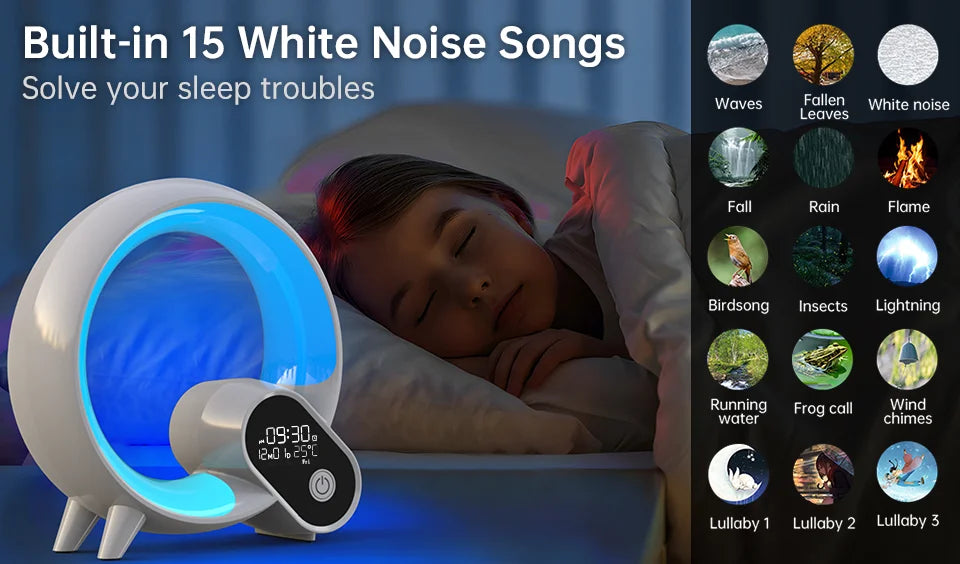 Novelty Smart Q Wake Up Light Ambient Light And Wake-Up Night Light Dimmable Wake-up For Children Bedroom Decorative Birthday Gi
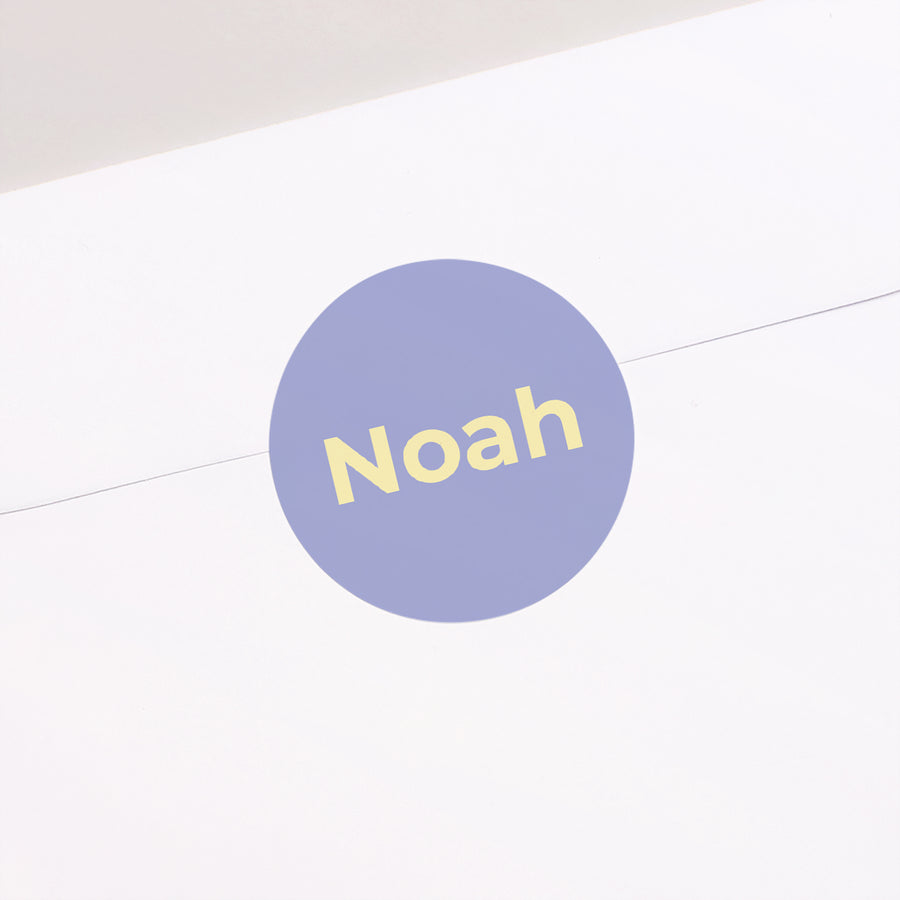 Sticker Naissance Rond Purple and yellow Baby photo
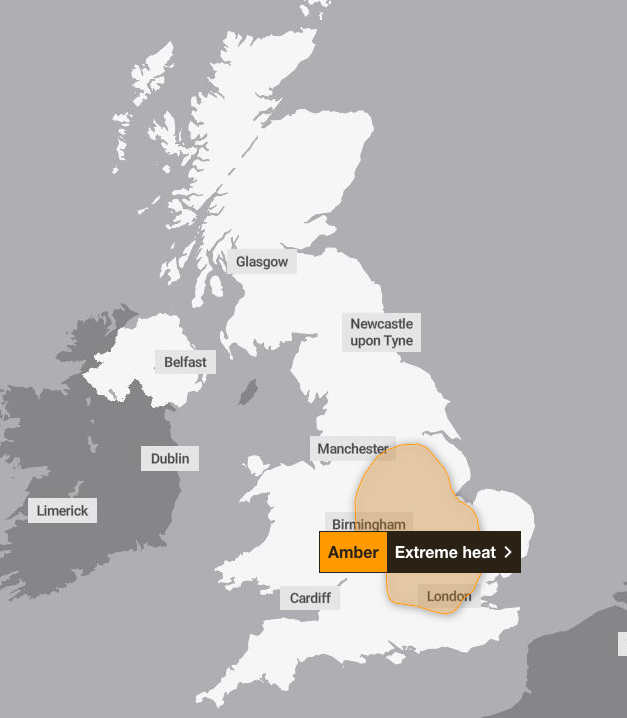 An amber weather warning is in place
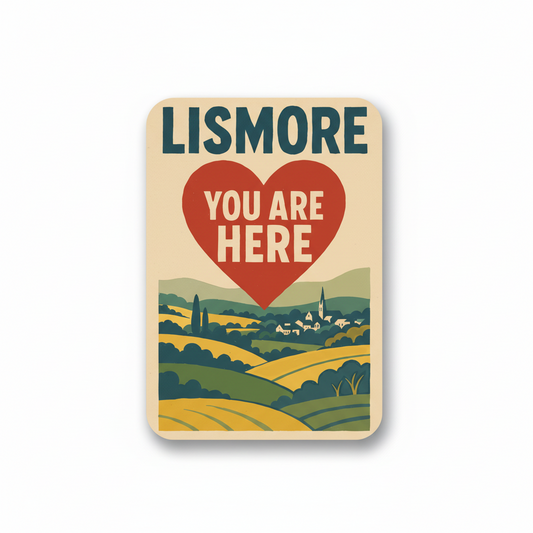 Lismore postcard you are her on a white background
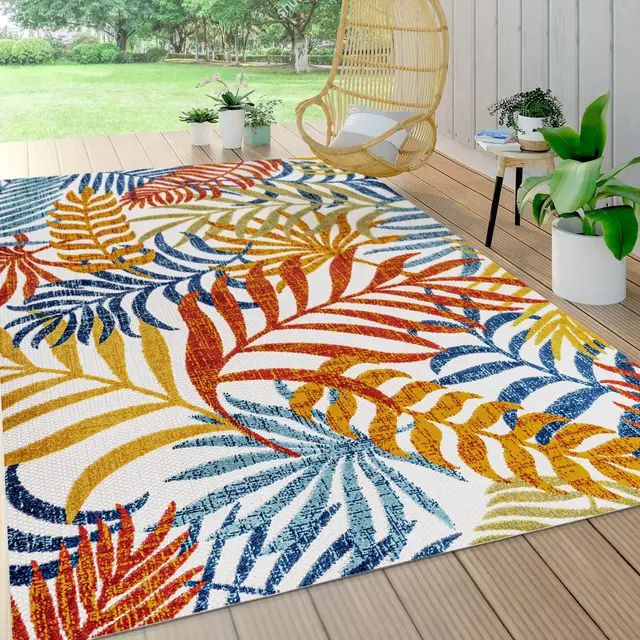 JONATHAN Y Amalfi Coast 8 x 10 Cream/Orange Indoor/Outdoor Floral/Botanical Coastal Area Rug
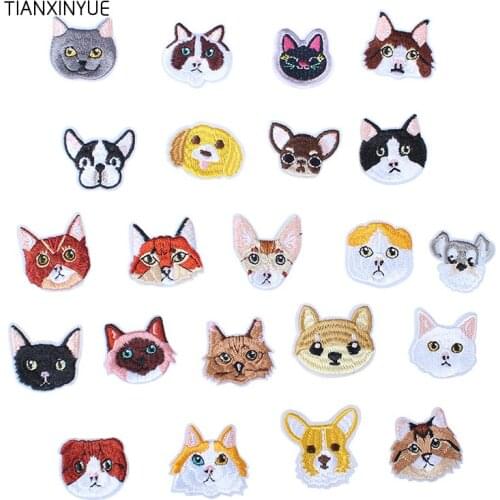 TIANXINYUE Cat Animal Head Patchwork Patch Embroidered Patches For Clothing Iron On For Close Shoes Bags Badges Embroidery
• • • • • • •
■ **Problem to work on**
Each word of the data should be repeated exactly, and the pictures left out.

■ **Finished task**
 Novelty Smart Q Wake Up Light Ambient Light And Wake-Up Night Light Dimmable Wake-up For Children Bedroom Decorative Birthday Gi
 Sticker Naissance Rond Purple and yellow Baby photo
 An amber weather warning is in place
 Lismore postcard you are her on a white background
 JONATHAN Y Amalfi Coast 8 x 10 Cream/Orange Indoor/Outdoor Floral/Botanical Coastal Area Rug
 TIANXINYUE Cat Animal Head Patchwork Patch Embroidered Patches For Clothing Iron On For Close Shoes Bags Badges Embroidery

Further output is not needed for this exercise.